What the task requires:
For every line below, output the text exactly and leave out images.

Data provided:
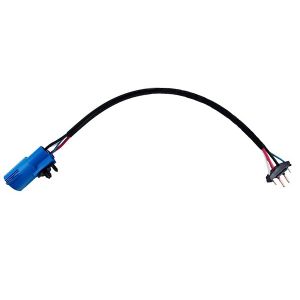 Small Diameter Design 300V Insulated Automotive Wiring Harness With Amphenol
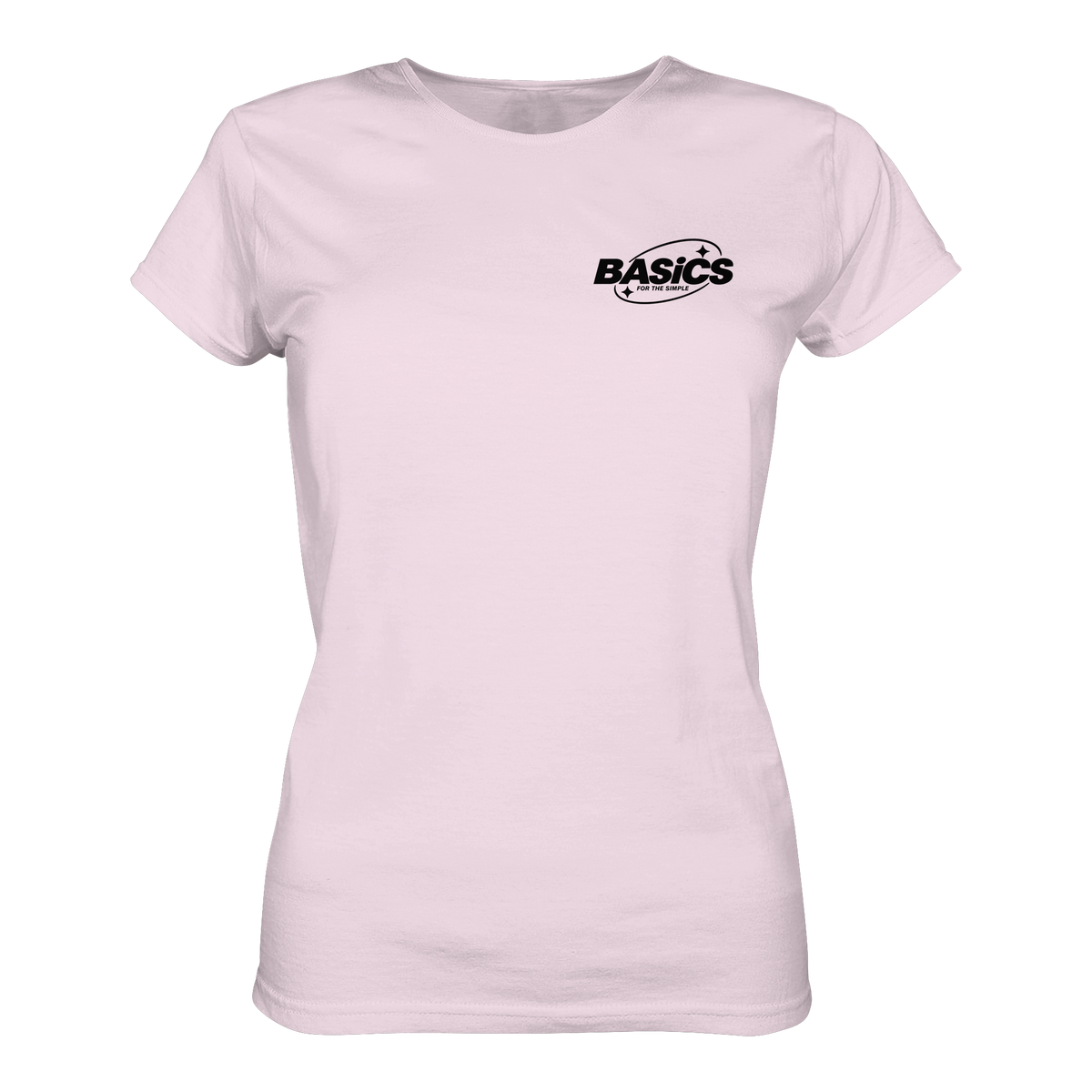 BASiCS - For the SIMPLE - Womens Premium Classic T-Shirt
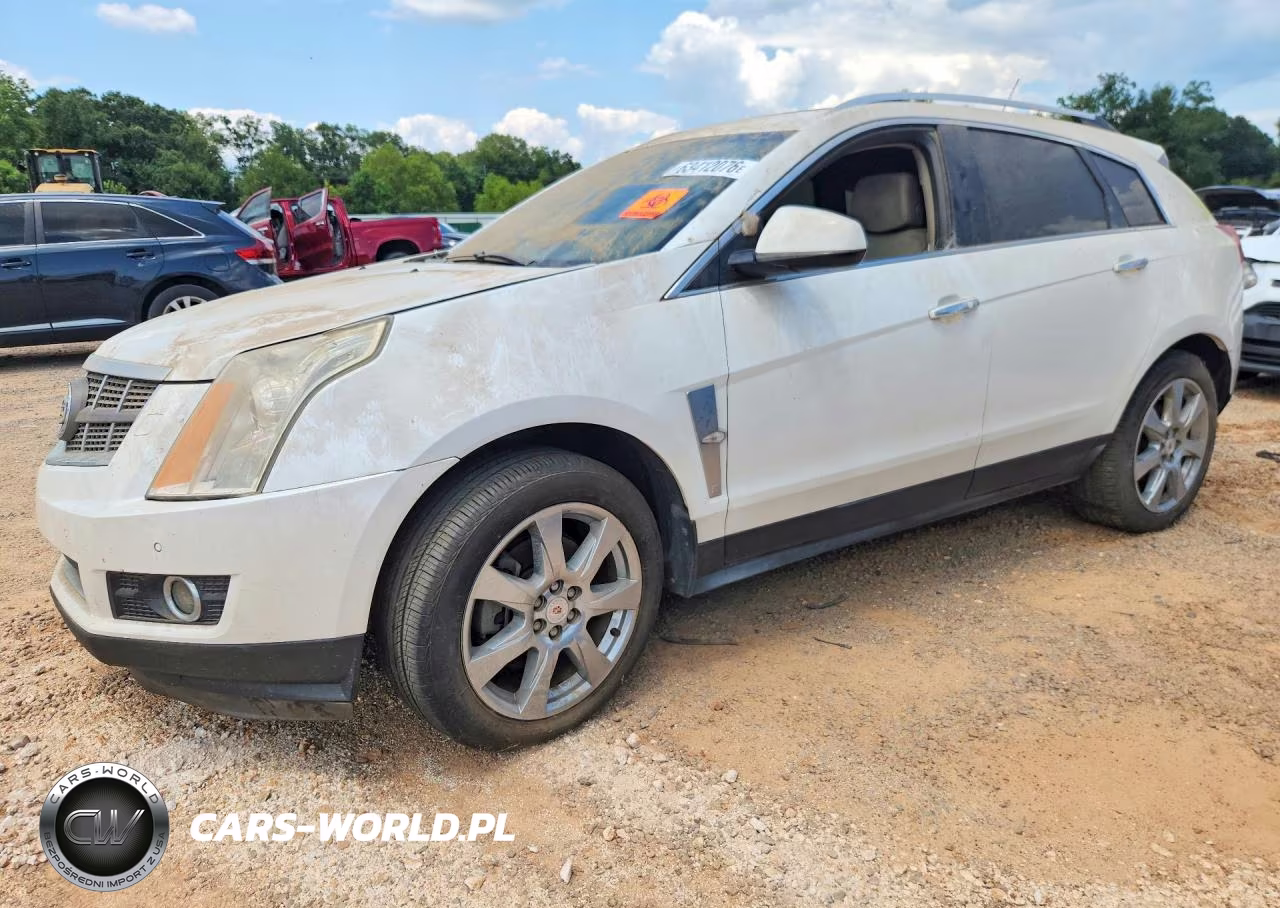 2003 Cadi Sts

Solution to this problem:
 Small Diameter Design 300V Insulated Automotive Wiring Harness With Amphenol
 BASiCS - For the SIMPLE - Womens Premium Classic T-Shirt
 2003 Cadi Sts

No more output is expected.